From the mid-August through the end of September, I did six weeks of hypnotherapy. I wanted to stop being overwhelmed by the desire to EAT ALL THE THINGS. It wasn’t just that I have a big appetite (though I do) or that I like fattening things (ditto)… it’s that there were times when it was like I was possessed by something that drove me to quickly eat things in large quantities even if it made me ill (like how for some reason cheap chocolate gives me a headache) and even if I was consciously thinking, “This isn’t good for me; I shouldn’t do it.”
And for the most part, it worked. From the very first session I have not raided the snack cabinet at work once, though it is filled with Reeses Peanut Butter Cups and my favorite crackers. (Oh, so good.) Not once, not even a nibble, when I used to eat half a cracker package in an afternoon. The other people who use the snack cabinet are mystified because there’s so much food in there, going so slowly. I have not told them why.
I am also better in general about hoovering up all available edibles. Sometimes it’s been difficult because I can’t decide if I’m hungry or if I just want to eat, and I have to sit and think about it for awhile. Sometimes that backfires and I get really hungry and it’s a little harder to eat mindfully. But it’s so very, very much better. I need to keep doing some self-hypnosis at home to keep it going.

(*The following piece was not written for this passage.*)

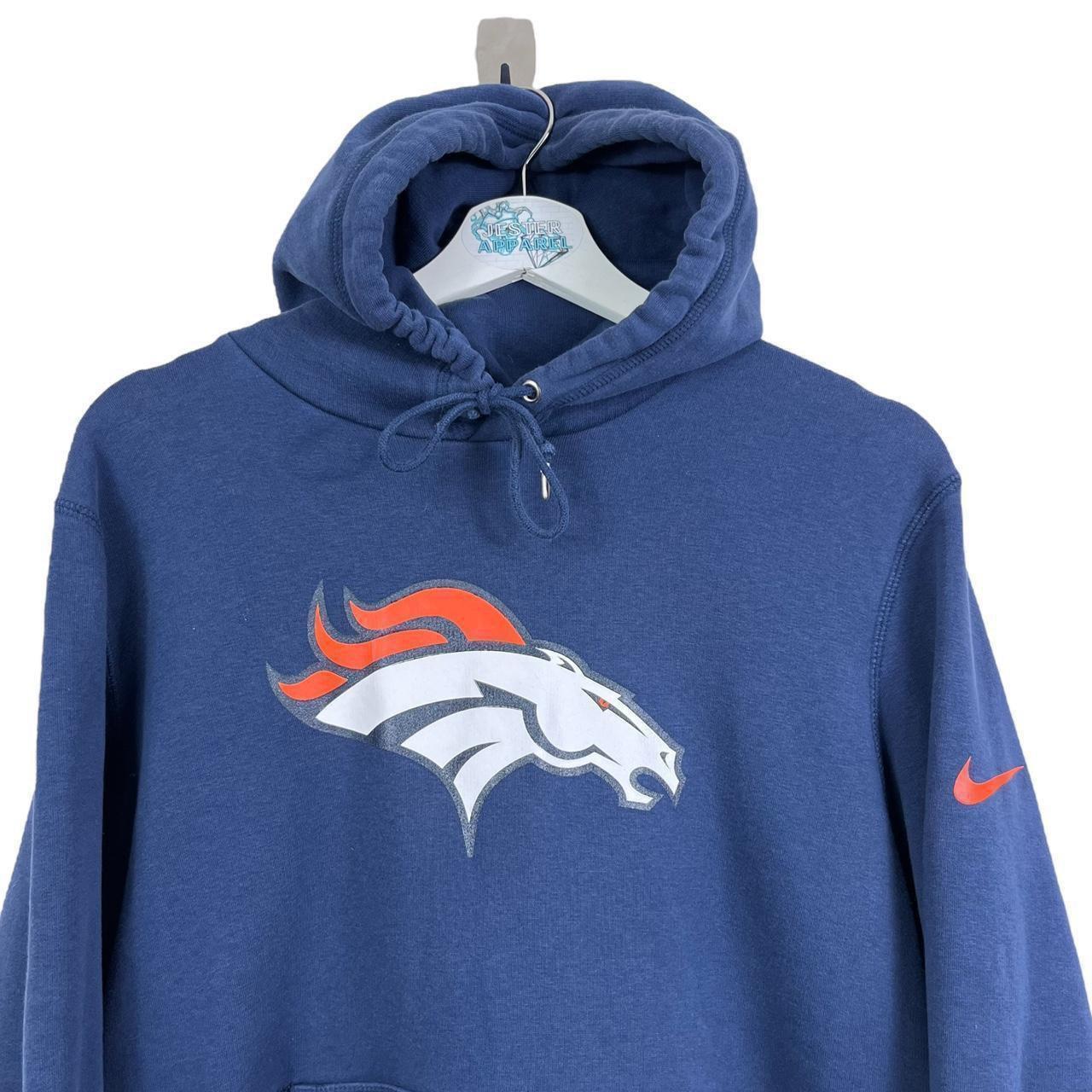 Mens Nike Denver Broncos Hoodie size Small NFL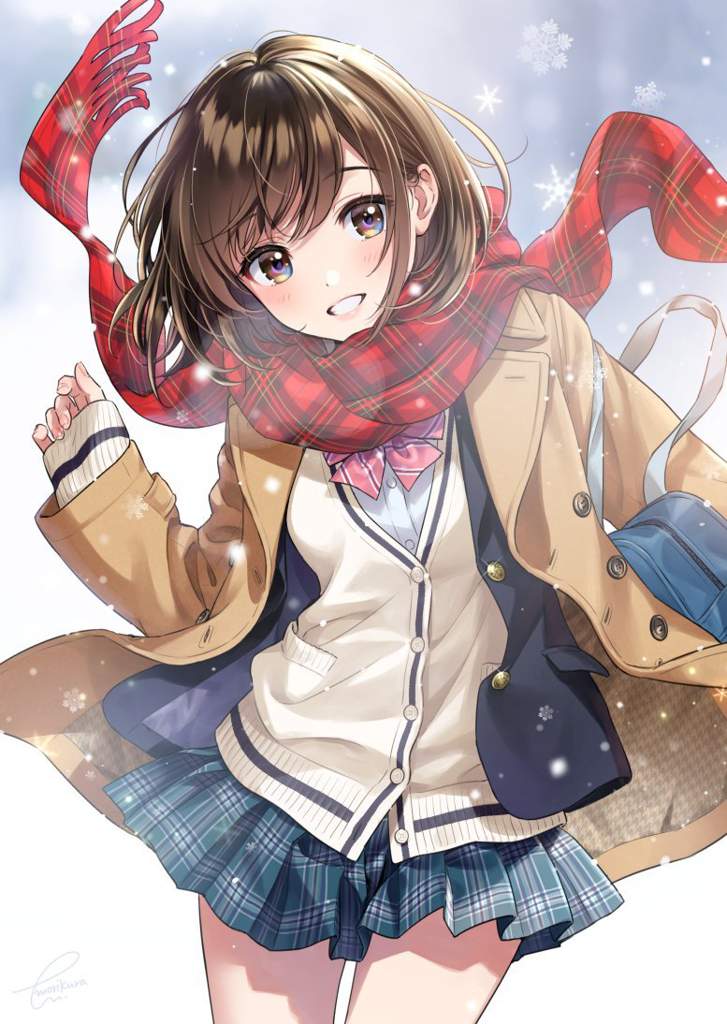 Anime Girls Enjoying The Winter🌨️ Anime Amino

It’s not like I’ve lost a bunch of weight, although I think I have a little — some things are just not so snug anymore. I’m certainly not gaining any, which had been a problem since the advent of the snack cabinet. I knew I couldn’t ask them not to have it anymore just because I couldn’t control myself, and anyway that obsessed feeling overtook me elsewhere sometimes as well.
I do feel more in control, like I can actually decide what and when to eat instead of being totally overcome by a passionate drive I was at the mercy of. This is a good thing.
I’m going back for three sessions on writer’s block. I grew up intending to be a writer. I told my mom stories before I could write and she’d transcribe them for me. I wrote and wrote and wrote throughout childhood, and then I got to high school and started reading really good writers, which gave me pause. I still wrote well enough to win an NCTE award (though they don’t seem to give the exact one I won anymore) but by the time I got to college I was utterly stymied. I could write papers, but my ability to write fiction was gone. I think the last story I finished was for a creative writing class during my brief stint at UC Davis. I was 19.
But as part of an ongoing life project, I’m going to do NaNoWriMo this year, and I’m going to finish, and I’m going to keep writing. Thankfully, though we live in a world that over-values the accomplishments of the young, writing is still something a person can do, and excel at, at any age. I have wasted half my life being intimidated by really good writers, worrying if someone will get mad at me for what I write, or feeling over self-conscious as I write. I’m going to do it. And if the result of the hypnotherapy on my compulsive eating is any guide, it will really help here. I finish the last session on November 1, the first day of NaNoWriMo. Good omen!